Maurício Costa Romão, Ph.D. em economia, é consultor da Contexto Estratégias Política e de Mercado, e do Instituto de Pesquisas Maurício de Nassau. mauricio-romao@uol.com.br“
Verdade eleitoral” é uma expressão que designa o maior mérito do sistema majoritário, na eleição de parlamentares: os candidatos mais votados são sempre os eleitos. Tal atributo está presente em qualquer dos subsistemas majoritários: distrital puro, distrital misto ou na vertente tupiniquim do distritão.
Por seu turno, os sistemas proporcionais, de lista aberta ou fechada, carecem dessa desejável propriedade, visto que, por esses mecanismos, nem sempre os candidatos mais votados ascendem ao legislativo, enquanto outros, menos votados, podem fazê-lo.
Mas, é de se perguntar então: sendo a verdade eleitoral tão bem-vinda, enquanto requisito de um sistema eleitoral, isso torna o modelo majoritário, que a possui, superior ao modelo proporcional, que não a possui, a ponto de está-se discutindo no Parlamento a substituição de um por outro?
Primeiro, é inapropriado falar-se de superioridade de um sistema sobre outro. De fato, num mapeamento de vários atributos desejáveis dos sistemas eleitorais (Jairo Nicolau) conclui-se que nenhum sistema satisfaz a todos os atributos. Segundo, todos os sistemas eleitorais têm distorções. Não existe nenhum perfeito e não há nenhum método de divisão proporcional justo (teorema de Arrow e teorema da impossibilidade de Balinsky e Young, respectivamente). Conclusão: a mudança de um sistema para outro envolve ganhos e perdas, já que todos os sistemas têm méritos e deméritos.
O fundamento do sistema proporcional é queo Parlamento deve refletir a pluralidade que caracteriza a sociedade, de sorte que os diversos grupos sociais possam estar lá representados, na razão direta de sua importância numérico-eleitoral. O corolário desse pluralismo político é que os assentos legislativos sejam ocupados de acordo com a proporção de votos obtida pelos partidos, representantes dos grupos sociais, através dos seus candidatos mais votados.
Acontece que os candidatos mais votados dos partidos não são necessariamente os candidatos mais votados da eleição, ou que têm mais votos do que os não eleitos. Distorção essa que altera a vontade do eleitor, potencializada pelo nefasto mecanismo das coligações.
Bom, então o sistema proporcional tem o mérito de possibilitar representação parlamentar para os diversos grupos sociais, inclusive as minorias, mas tem o grave defeito de não incorporar a verdade eleitoral na sua integralidade.
E o sistema majoritário? Seu maior cacife é exatamente a verdade eleitoral. Sempre e invariavelmente os candidatos mais votados serão os eleitos, independente de que partidos provenham, e como nesse sistema não há quociente eleitoral (requisito único e exclusivo dos sistemas proporcionais, fruto do problema matemático de “divisão proporcional” ou “partilha equilibrada”), os partidos não se submetem a proporções para ocupação de vagas legislativas. Um subproduto da não existência de quociente eleitoral é que sem ele as coligações proporcionais não fazem sentido.

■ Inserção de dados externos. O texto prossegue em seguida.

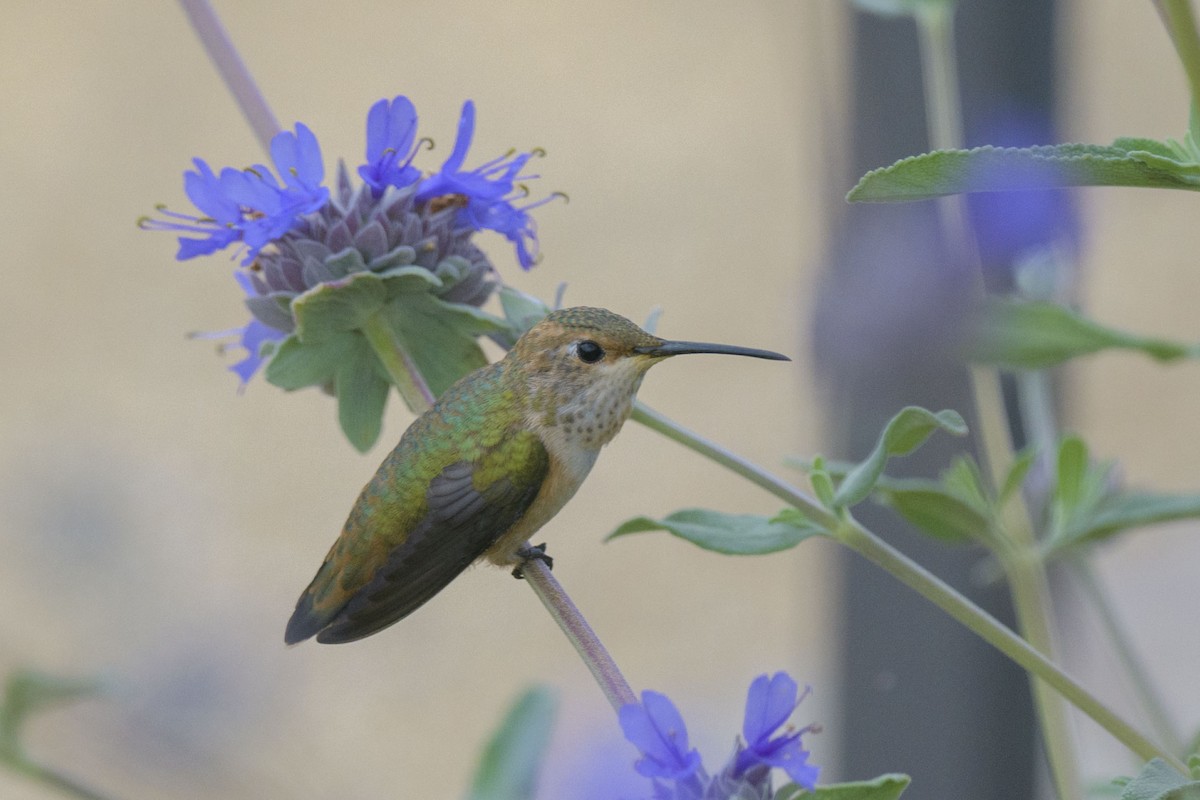 Allen's Hummingbird - Randy Harwood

Mas a presença da verdade eleitoral no sistema majoritário gera uma distorção tão grave quanto a sua ausência no sistema proporcional: não há garantia de pluralidade representativa da população no Parlamento, especialmente para as minorias. Os mais votados são, geralmente, os que podem mais, em especial num ambiente de grande prevalência não republicana do poder econômico.
E como os mais votados são os eleitos, independente de que partido sejam egressos, tende a haver concentração de votos nos partidos mais fortes e conseqüente aniquilamento de agremiações menos pujantes, exacerbando a questão da representatividade político-social.
Enfim, o sistema majoritário tem o mérito da verdade eleitoral, que respeita a vontade do eleitor, mas peca por não democratizar a representação parlamentar com segmentos vários da sociedade, quer dizer, não faz uma “partilha equilibrada” do poder político. E agora?